Here’s another zinger: CO2 is a greenhouse gas, but it’s one of the weakest ones and yet those very same computer models give it a pre-eminent role. In fact the solar energy bands that CO2 ‘traps’ are pretty well caught with our current levels of CO2 which means each bit of extra CO2 has LESS impact than the previous bit. The catastrophic GW models require that additional CO2 will act proportionally to stuff already in the atmosphere. (*A more detailed and somewhat boring explanation follows at the end for those with the stomach for it, heh.)

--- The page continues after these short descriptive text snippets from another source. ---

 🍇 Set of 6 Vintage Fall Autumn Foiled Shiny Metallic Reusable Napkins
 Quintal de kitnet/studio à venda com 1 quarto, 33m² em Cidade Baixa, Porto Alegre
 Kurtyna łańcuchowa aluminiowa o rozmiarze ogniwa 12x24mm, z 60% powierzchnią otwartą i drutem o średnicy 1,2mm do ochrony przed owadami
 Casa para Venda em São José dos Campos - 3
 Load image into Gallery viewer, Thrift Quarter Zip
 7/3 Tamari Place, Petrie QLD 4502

Let’s not forget that all the catastrophic MMGW computer models have enough fudge factors (to make them fit historical data) that any real predictions based on them are no better than chance and probably slightly worse reading chicken entrails. Once you introduce enough of these fudges, you aren’t really doing science.
==== Boring section ====
* You can think of each greenhouse gas as a ‘net’ that can capture heat/energy. Now, each will only capture energy of a certain bandwidth and, hence, heat up the atmosphere. If you start with NO CO2 and gradually introduce it, the amount of heat captured will be fairly linear (it’s a target rich environment, so to speak). As you get more CO2, each additional bit will capture less and less heat. There’s a natural flattening of the curve as you approach the maximum, so there’s no way you can get ‘out of control’ global warming due to CO2 or, frankly, any other greenhouse gas. The ’science’ that claims the heat captured is linear or even exponentially increasing are so wrong on the face of it as to make you wonder if the authors have any knowledge of science or, to be blunt, scientific ethics.

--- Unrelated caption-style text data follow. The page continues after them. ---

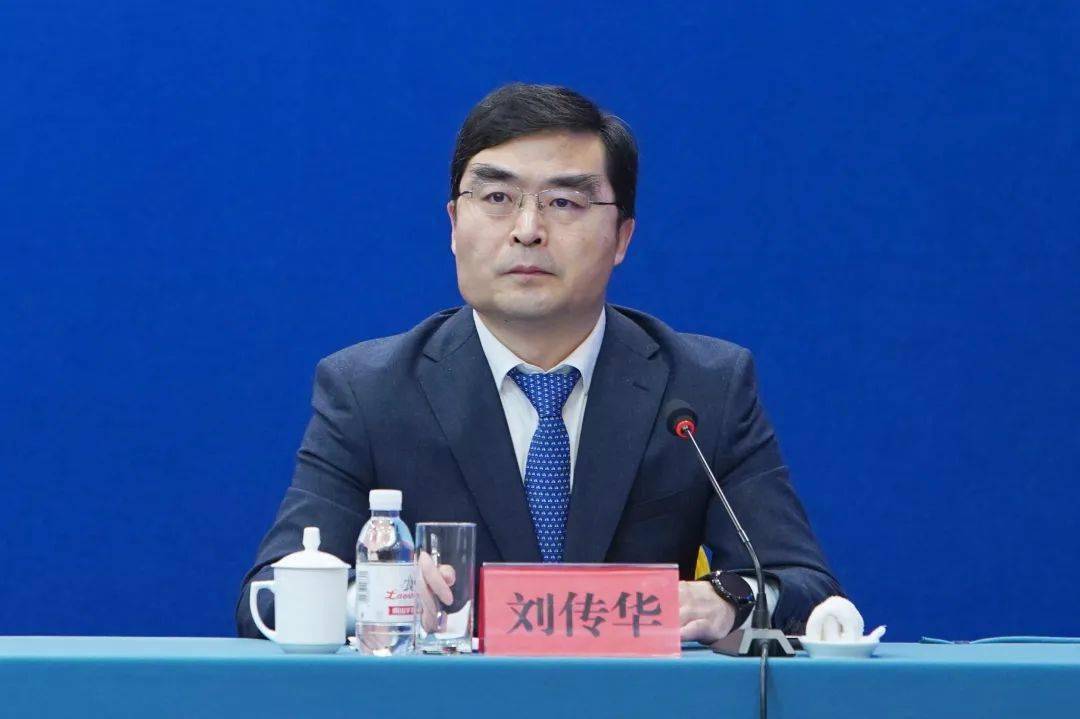 刘传华:这个问题我来回答一下,您问的三个问题基本都是政策落实层面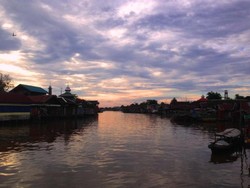 Menikmati Senja di Sungai Kuin, Banjarmasin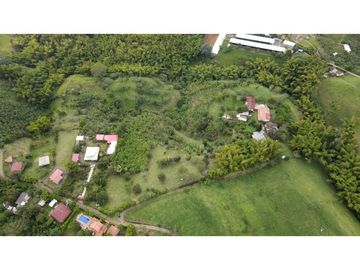 SE VENDEN LOTES EN ARABIA CON ESCRITURA DIFERENTES AREAS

If, by “they can,” you mean “they have a right to,” then I’ve got to agree with you. But that doesn’t mean anyone has to take them seriously. Let’s have a basic refresher course on how science works, shall we? When somebody makes a positive assertion, the burden of proof is on them to provide compelling evidence for that assertion. Once that burden has been met, the assertion becomes the conventional wisdom, until such time as someone presents an alternate proposition which better fits the evidence, or at a very minimum, presents a fatal flaw in the conventional wisdom. In the case of AGW, the former burden has been met, and the latter burden has not. This is how AGW differs fundamentally from your radioactive sheep example.
Have a cite on that? The numbers I have show human activity (mainly the burning of fossil fuels, and deforestation) accounting for a little over 4% of CO2 output (and virtually all of the excess), and after figuring absorption, about 19.4 Gt of extra CO2 per year in the atmosphere as a result of human activity.

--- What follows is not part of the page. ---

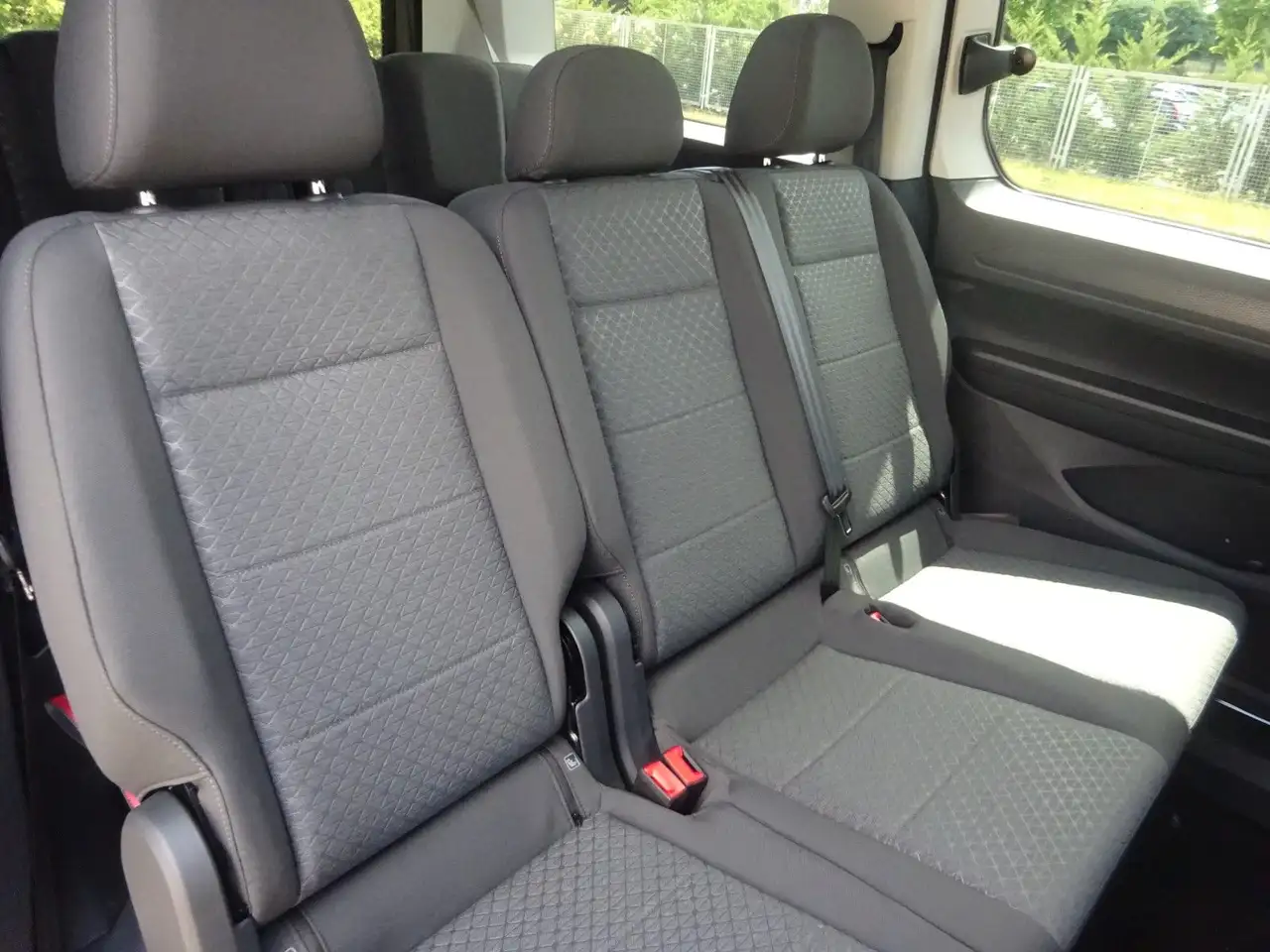 Ford Grand Tourneo 2026 — фото 13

Well, this should be self-evident, but the only thing that matters is the amount of CO2 output that exceeds what the environment can absorb. And whether it’s us or something else, it seems clear, based on the data, that more CO2 is being generated than can be absorbed by the environment.
Well, that’s not really what I said. I said that if you took all the CO2 out of the atmosphere, all other things being equal, the planet would be in a permanent ice age, and I believe that’s true. “Incapable of sustaining life” was probably an overstatement, I’ll admit, even if technically true (without CO2, no plants, no carbon cycle, no life, but that has nothing to do with warming).
Another example of how to lie with statistics. Yes, it is true that water vapor has a much more profound greenhouse effect than CO2 does. The problem here is that the atmospheric concentration of water vapor hasn’t changed significantly, whereas the concentration of CO2 (also a greenhouse gas, even if a much less powerful one) has done so. And CO2 accounts for roughly 20% of the greenhouse effect — not insignificant, as your water vapor diatribe would suggest. (Methane also plays a role, but although its levels have increased in modern history, they’ve leveled off of late.)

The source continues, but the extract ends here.